Why is the Lodge sending me emails?

Claire Fisher

You’ve already chosen housing for next year, you didn’t give a marketing person your email address, and yet on a regular basis, a new email shows up your school inbox advertising the Lodge.

Our student email addresses are a place for us to email people about university related things. I do not want emails advertising apartment complexes to be filling up my inbox, especially when I did not give them permission to do so.

Manager at the Lodge, William Butler, said that the company obtains student email addresses solely from marketing efforts. This means attending things like football games, student events, or tabling around campus and offering giveaways like the iPhone 7 or a smart TV in exchange for a student’s contact information.

Kari Johnson, an employee at the Lodge, commented on a post in the Grand Valley State University Class of 2020 Facebook page explaining how the organization collects email addresses.

“Typically, we ask for basic contact info while marketing in order to obtain leads, which from a business perspective, is the purpose,” Johnson wrote. “Since we market so frequently, there is a high chance that we have received contact information from a wide range of students at Grand Valley. We also automatically receive contact information when anyone enters it on our website to create an account.”

Despite this explanation, some students (including myself) are still unaware as to how the Lodge has their student email addresses. In response to a post in the Grand Valley State University Class of 2017 Facebook page, other students commented expressing that they were experiencing this problem.

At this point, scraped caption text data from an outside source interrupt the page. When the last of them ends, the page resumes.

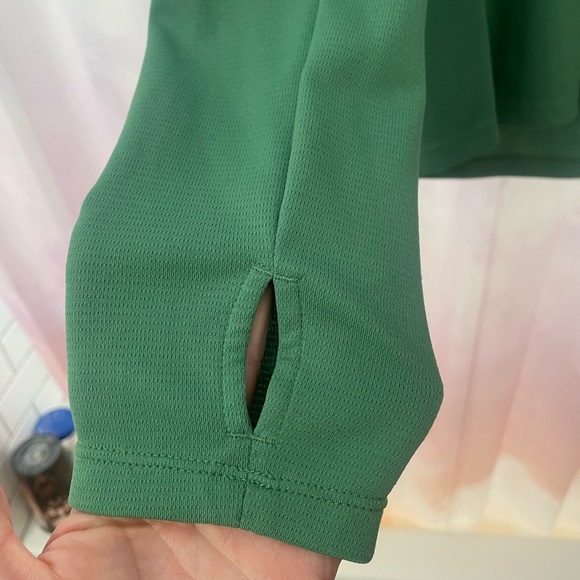 North Face hooded shirt - Picture 2 of 5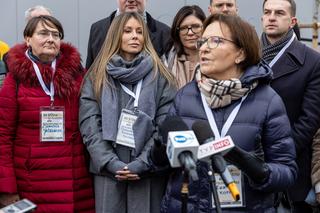 Ewa Kopacz i Małgorzata Rozenek-Majdan zbierają podpisy pod obywatelskim projektem ustawy o finansowaniu in vitro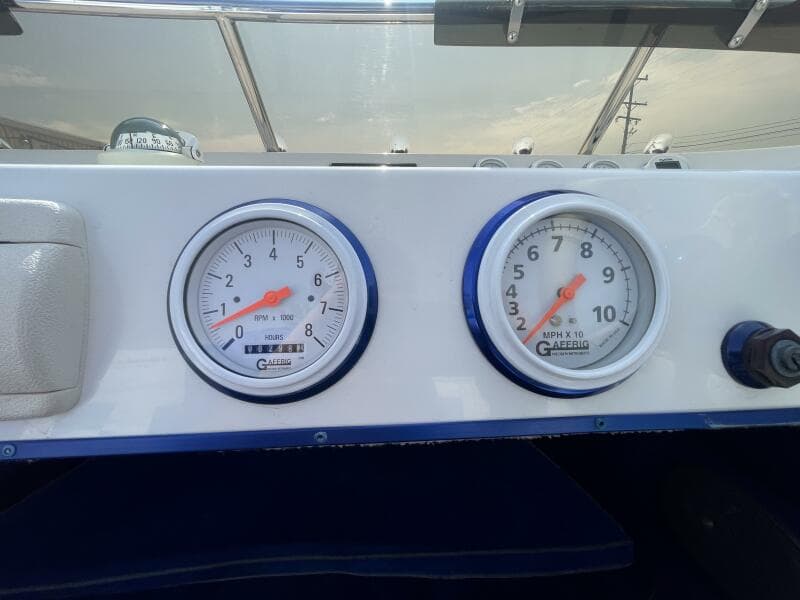 2000 Advantage 21 SR Outboard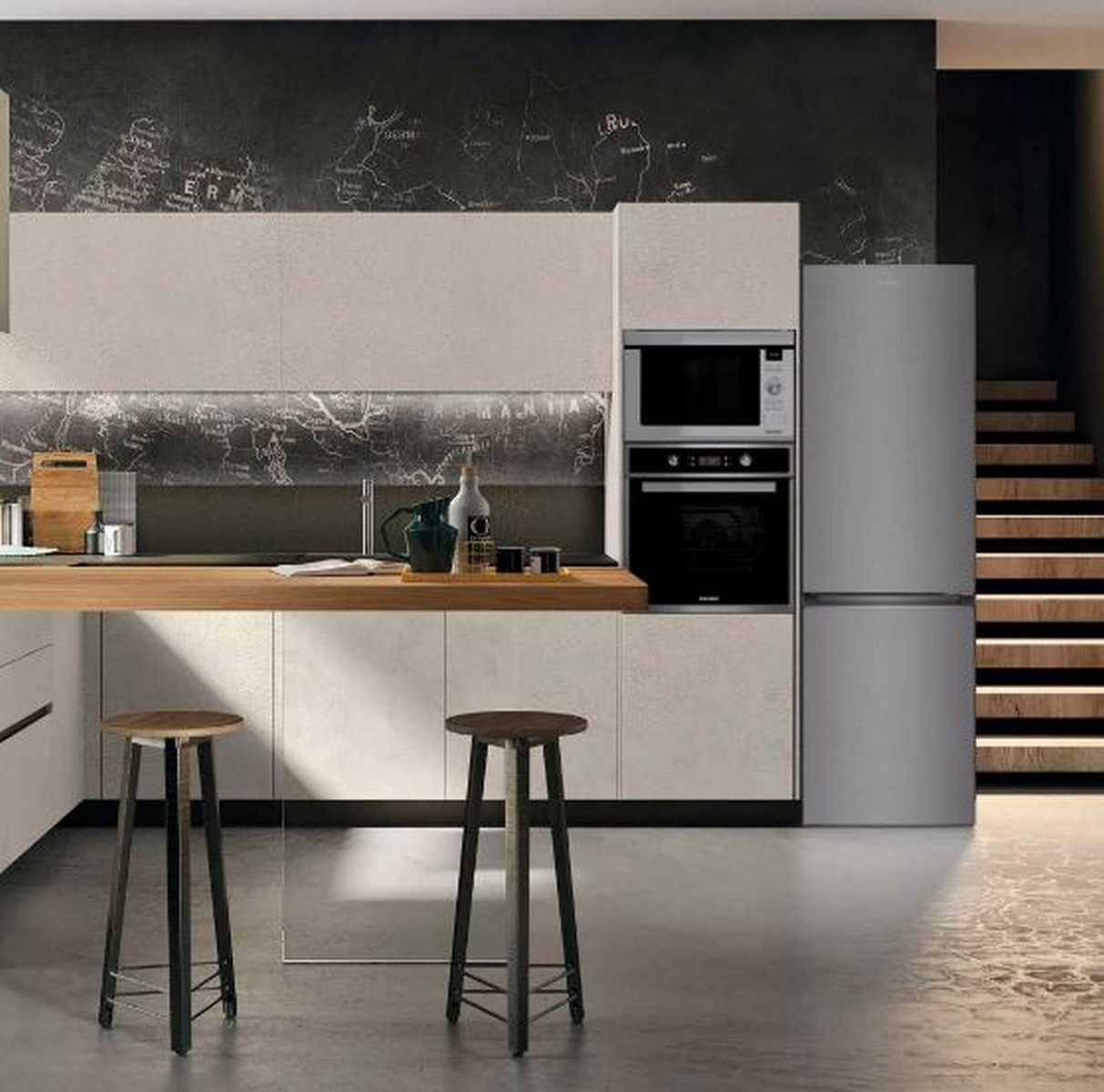 Cocina moderna con frigorífico, horno y dos taburetes.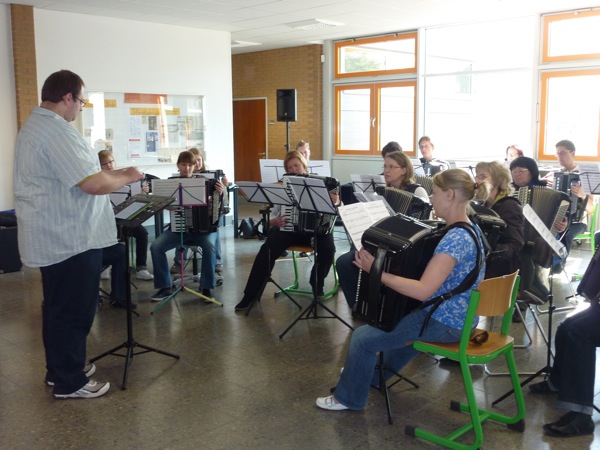 2011-05 Orchestervorspiel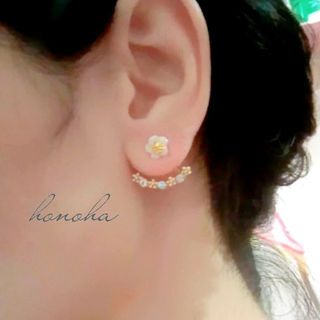 フラワーピアス 2wayバックキャッチピアス  ゴールド(ピアス)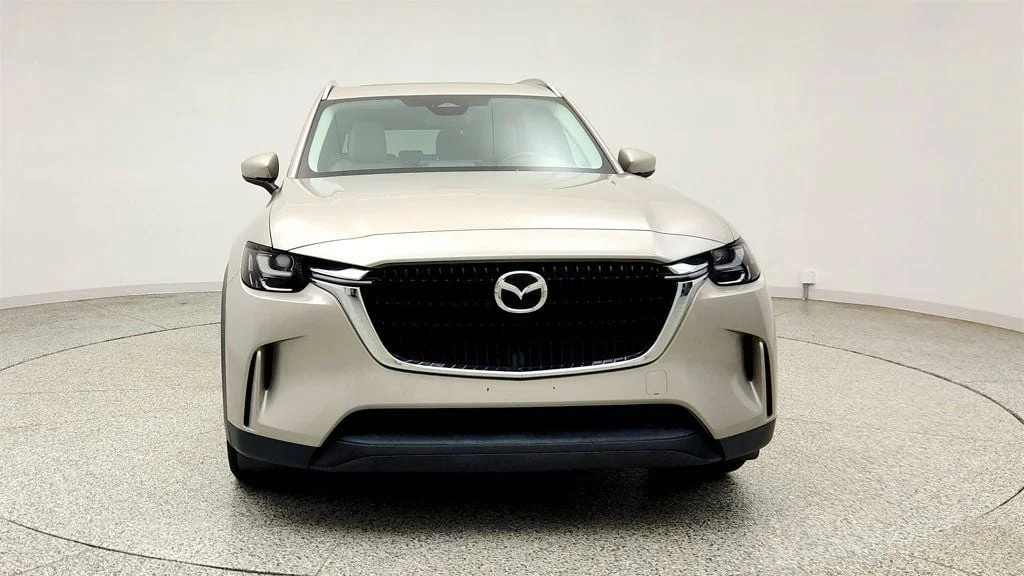 Used 2024 Platinum Quartz Mazda Preferred AWD image 2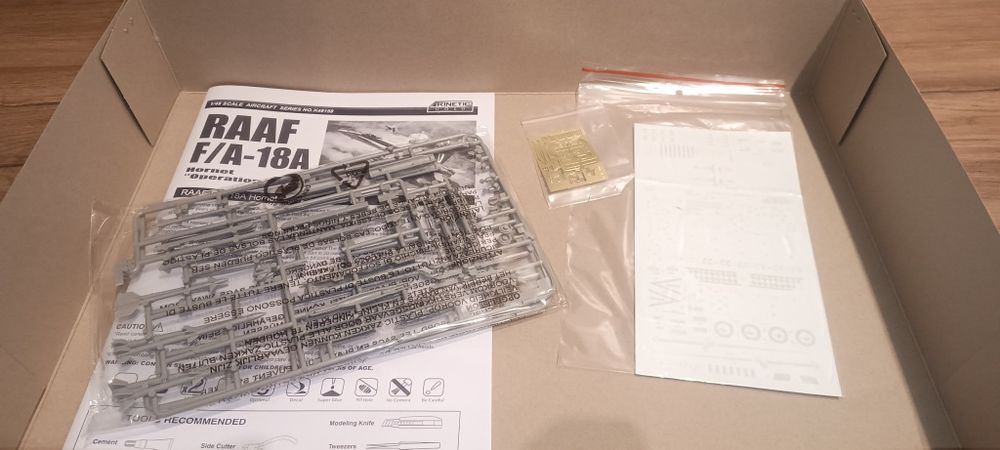 F/A-18a Hornet, Kinetic 1:48. Model do sklejania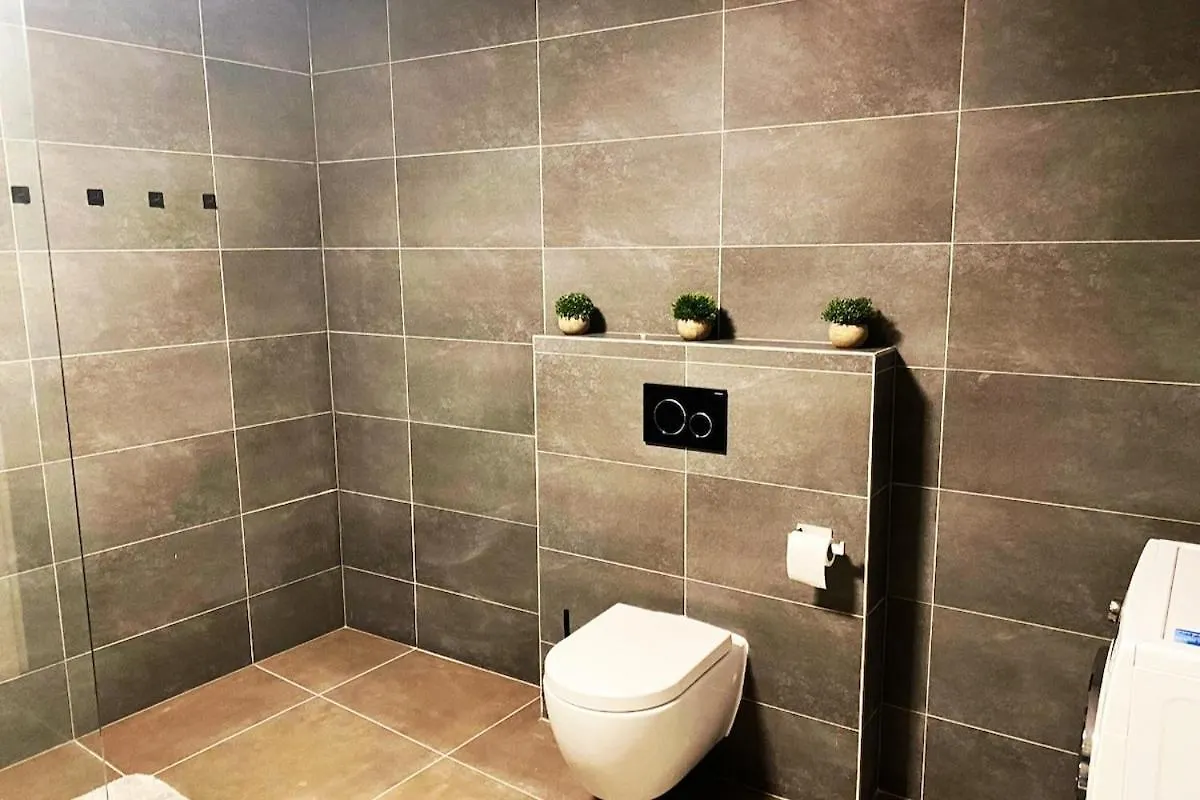Cozy 120M Apartment With 3 Bedrooms And 1 Cinema Useldange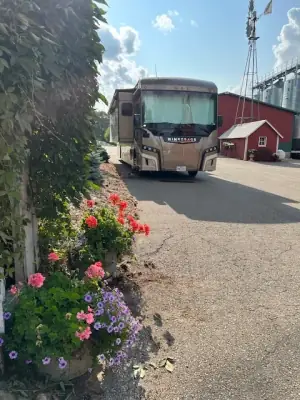 2020 WINNEBAGO FORZA photo 2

Some students said they don’t even attend GVSU anymore or don’t live in Allendale.

John Klein from information technology at GVSU said while the university does not give away student email addresses to third parties like the Lodge, our email addresses are still searchable through the “people finder” feature on the GVSU website.

Through this tool, if somebody were to search the name “John” in the people finder, many names would come up and they would be able to access the student email addresses (and sometimes phone numbers) of anybody with John in their name. This would be an easy way for marketers to obtain GVSU students’ contact information without us providing it.

Information Technology works to protect and limit the amount of email addresses somebody can obtain by blocking the searcher after a certain number of searches, but switching to another computer, device, or internet browser will allow the person to continue searching for student email addresses despite this block.

Students receiving the emails can unsubscribe from the emails or contact the Lodge letting them know they no longer wish to receive these emails, but the point is, they shouldn’t have our email addresses in the first place if we didn’t give it to them. At the bottom of these emails from the Lodge is a link asking, “why did I get this?” and the link takes me to an answer that simply says “GVSU student.”

Maybe housing complexes like the Lodge need to be more clear about what they will be using our contact information for, maybe the people finder tool needs to be adjusted so that marketers can’t obtain our student email addresses, or maybe GVSU students need to more careful about who they give their email address out to, but our student email addresses shouldn’t be used as a vehicle to advertise to a target audience.